[Data provided]:
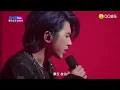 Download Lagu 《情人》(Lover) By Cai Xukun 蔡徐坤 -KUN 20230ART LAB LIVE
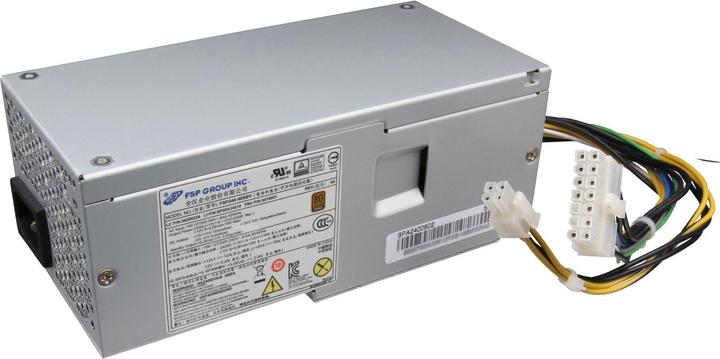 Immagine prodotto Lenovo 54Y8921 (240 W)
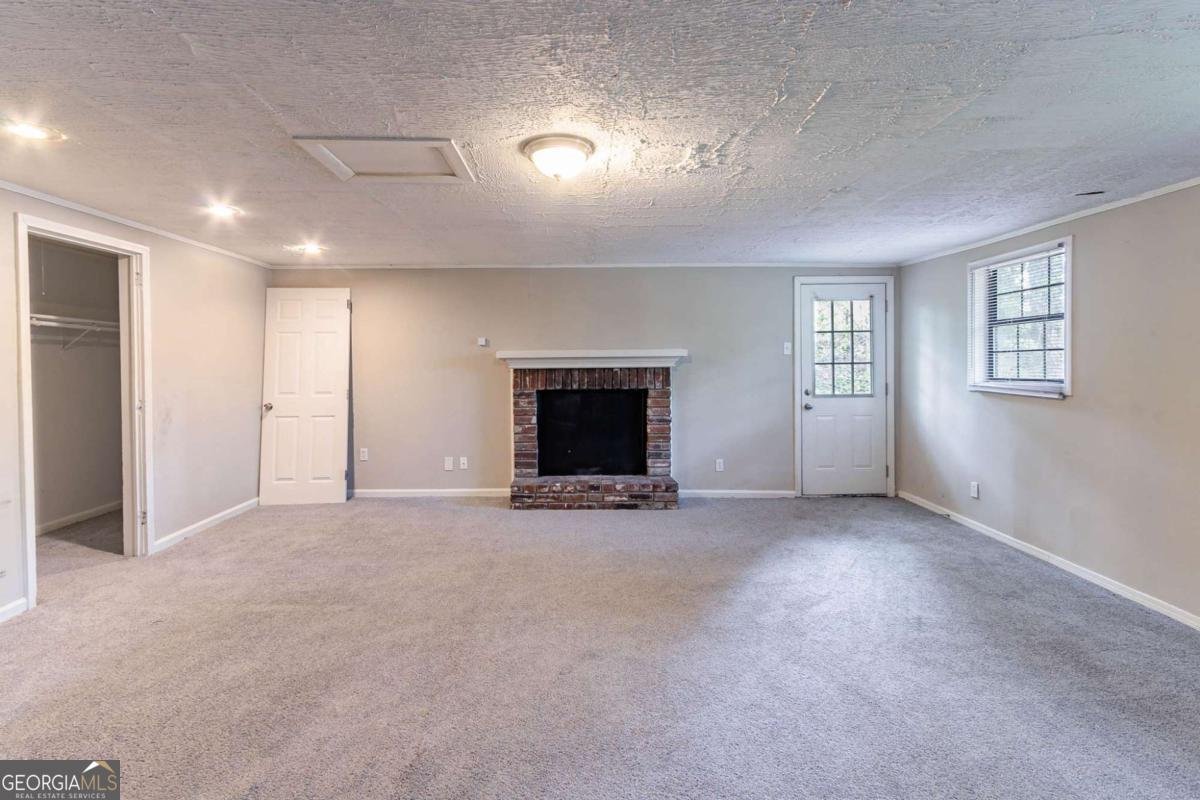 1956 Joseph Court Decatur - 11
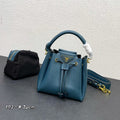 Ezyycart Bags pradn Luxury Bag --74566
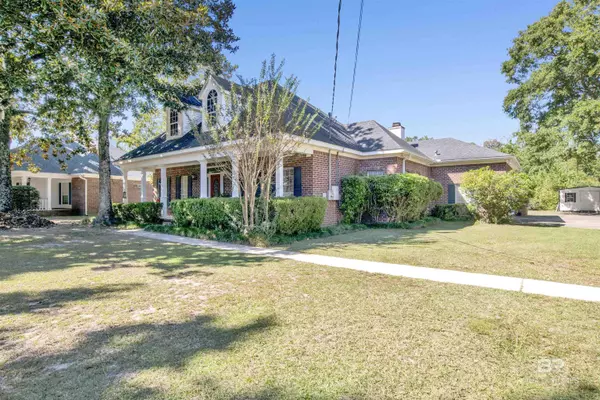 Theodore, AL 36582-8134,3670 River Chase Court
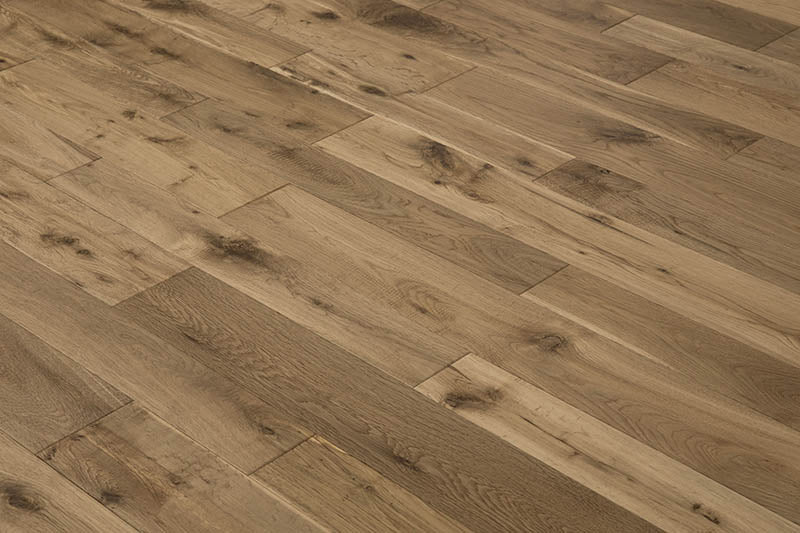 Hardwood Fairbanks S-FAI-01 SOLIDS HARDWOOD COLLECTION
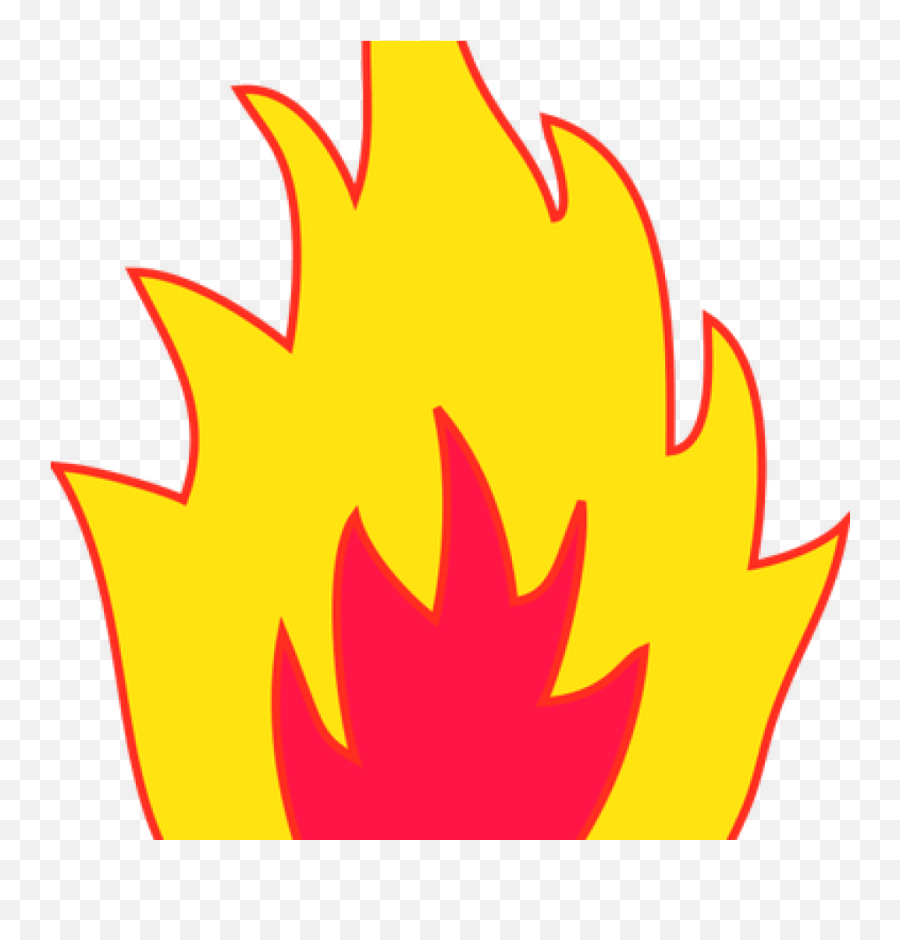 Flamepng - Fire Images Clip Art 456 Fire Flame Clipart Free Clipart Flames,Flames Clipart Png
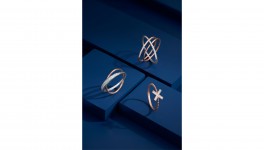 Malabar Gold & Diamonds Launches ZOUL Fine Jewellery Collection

[Exercise prompt]: The answer must consist solely of the lines from the one with "Hardwood Fairbanks S-FAI-01" through the final line of the data, each reproduced exactly and with pictures omitted.

[Exercise output]:
 Hardwood Fairbanks S-FAI-01 SOLIDS HARDWOOD COLLECTION
 Flamepng - Fire Images Clip Art 456 Fire Flame Clipart Free Clipart Flames,Flames Clipart Png
 Malabar Gold & Diamonds Launches ZOUL Fine Jewellery Collection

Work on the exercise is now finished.